You are viewing a plain text version of this content. The canonical link for it is here.
Posted to commits@stanbol.apache.org by "Rupert Westenthaler (JIRA)" <ji...@apache.org> on 2013/06/05 09:57:20 UTC
[jira] [Resolved] (STANBOL-1089) Provide Topic Engine
SolrConfiguration that uses n-grams
[ https://issues.apache.org/jira/browse/STANBOL-1089?page=com.atlassian.jira.plugin.system.issuetabpanels:all-tabpanel ]
Rupert Westenthaler resolved STANBOL-1089.
------------------------------------------
Resolution: Fixed
added configuration with http://svn.apache.org/r1489730
> Provide Topic Engine SolrConfiguration that uses n-grams
> --------------------------------------------------------
>
> Key: STANBOL-1089
> URL: https://issues.apache.org/jira/browse/STANBOL-1089
> Project: Stanbol
> Issue Type: New Feature
> Components: Enhancement Engines
> Reporter: Rupert Westenthaler
> Assignee: Rupert Westenthaler
>
> With the Topic Classification Engine now supporting to configure different SolrCore configurations we should provide a configuration that does use n-grams for topic classification.
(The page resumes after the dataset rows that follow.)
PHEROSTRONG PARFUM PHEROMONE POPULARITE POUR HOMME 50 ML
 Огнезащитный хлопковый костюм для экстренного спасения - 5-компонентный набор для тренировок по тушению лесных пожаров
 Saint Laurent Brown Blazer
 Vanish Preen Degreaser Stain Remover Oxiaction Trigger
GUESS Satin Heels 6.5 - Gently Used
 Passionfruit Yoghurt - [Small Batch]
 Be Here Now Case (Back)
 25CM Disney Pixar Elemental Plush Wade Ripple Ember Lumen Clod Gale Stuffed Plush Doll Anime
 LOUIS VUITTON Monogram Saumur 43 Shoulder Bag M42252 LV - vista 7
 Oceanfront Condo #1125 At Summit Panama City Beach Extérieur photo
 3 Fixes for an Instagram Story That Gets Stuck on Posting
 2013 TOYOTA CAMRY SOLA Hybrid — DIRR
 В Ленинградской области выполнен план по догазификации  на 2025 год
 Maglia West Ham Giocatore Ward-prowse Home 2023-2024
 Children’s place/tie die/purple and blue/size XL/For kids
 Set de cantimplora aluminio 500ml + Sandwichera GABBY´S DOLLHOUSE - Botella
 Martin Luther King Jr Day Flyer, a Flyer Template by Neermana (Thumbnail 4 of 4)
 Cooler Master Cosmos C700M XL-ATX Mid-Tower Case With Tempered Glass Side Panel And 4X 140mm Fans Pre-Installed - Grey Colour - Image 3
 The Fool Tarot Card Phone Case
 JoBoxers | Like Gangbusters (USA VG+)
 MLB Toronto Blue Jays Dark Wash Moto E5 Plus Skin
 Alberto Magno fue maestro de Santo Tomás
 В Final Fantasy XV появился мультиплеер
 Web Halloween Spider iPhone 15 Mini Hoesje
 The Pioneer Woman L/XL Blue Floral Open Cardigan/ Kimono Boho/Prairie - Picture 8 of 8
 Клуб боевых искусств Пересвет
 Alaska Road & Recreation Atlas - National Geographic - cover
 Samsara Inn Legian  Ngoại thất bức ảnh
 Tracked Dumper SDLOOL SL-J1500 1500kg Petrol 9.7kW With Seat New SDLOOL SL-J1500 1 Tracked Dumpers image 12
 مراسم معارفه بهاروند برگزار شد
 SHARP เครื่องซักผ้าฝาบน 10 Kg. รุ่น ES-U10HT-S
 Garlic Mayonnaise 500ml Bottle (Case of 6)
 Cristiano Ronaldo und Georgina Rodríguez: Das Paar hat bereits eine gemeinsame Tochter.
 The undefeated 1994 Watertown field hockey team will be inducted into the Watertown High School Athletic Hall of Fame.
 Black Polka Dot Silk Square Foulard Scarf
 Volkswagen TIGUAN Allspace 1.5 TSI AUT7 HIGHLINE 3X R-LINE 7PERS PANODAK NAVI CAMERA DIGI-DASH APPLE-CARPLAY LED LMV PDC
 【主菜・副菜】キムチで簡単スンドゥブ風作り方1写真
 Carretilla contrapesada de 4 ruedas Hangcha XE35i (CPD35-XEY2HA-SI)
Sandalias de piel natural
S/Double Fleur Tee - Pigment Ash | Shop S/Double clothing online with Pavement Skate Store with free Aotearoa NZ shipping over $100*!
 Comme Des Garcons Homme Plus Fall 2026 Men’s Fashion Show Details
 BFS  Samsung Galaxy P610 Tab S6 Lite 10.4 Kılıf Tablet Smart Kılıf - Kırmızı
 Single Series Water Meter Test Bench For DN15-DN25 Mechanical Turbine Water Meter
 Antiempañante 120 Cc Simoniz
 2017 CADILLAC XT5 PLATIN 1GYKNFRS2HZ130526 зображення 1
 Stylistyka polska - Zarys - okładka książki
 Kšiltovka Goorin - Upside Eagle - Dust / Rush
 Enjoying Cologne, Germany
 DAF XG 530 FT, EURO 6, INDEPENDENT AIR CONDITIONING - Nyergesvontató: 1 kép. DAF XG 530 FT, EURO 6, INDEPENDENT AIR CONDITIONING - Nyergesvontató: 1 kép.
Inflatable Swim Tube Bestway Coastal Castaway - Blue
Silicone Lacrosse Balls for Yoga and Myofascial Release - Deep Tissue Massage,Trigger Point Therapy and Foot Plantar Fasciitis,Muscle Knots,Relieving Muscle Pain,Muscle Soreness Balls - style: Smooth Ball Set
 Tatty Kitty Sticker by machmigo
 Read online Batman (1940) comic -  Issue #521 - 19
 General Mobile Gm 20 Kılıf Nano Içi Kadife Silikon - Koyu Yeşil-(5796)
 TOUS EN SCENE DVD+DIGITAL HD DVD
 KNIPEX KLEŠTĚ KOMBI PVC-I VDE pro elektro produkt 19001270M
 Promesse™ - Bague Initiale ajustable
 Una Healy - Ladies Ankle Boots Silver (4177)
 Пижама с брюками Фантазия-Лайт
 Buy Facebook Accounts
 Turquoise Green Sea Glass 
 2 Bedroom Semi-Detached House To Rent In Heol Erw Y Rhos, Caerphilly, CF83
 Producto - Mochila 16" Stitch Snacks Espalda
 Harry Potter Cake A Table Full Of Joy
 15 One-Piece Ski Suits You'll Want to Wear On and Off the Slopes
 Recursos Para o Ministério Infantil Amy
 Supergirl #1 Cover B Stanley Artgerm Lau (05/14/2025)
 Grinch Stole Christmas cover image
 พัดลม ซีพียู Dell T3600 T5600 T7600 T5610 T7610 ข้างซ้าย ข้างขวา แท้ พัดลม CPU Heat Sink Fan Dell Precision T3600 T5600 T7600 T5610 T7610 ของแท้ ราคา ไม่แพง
> While this will not scale for very big classification schemes is should provide improvements to small and medium sized models.
> Indexing of n-grams will be based on the Solr ShingleFilterFactory [1].
> The SolrCore configuration will be provided by the name 'shingle-topic-model.solrindex.zip' by the Topic ClassificationEngine bundle to the DataFileProvider. This means that users will need to configure this name with the 'org.apache.stanbol.enhancer.engine.topic.solrCoreConfig' of the TopicClassificationEngine. This property was added by STANBOL-1087
> [1] http://wiki.apache.org/solr/AnalyzersTokenizersTokenFilters#solr.ShingleFilterFactory
--
This message is automatically generated by JIRA.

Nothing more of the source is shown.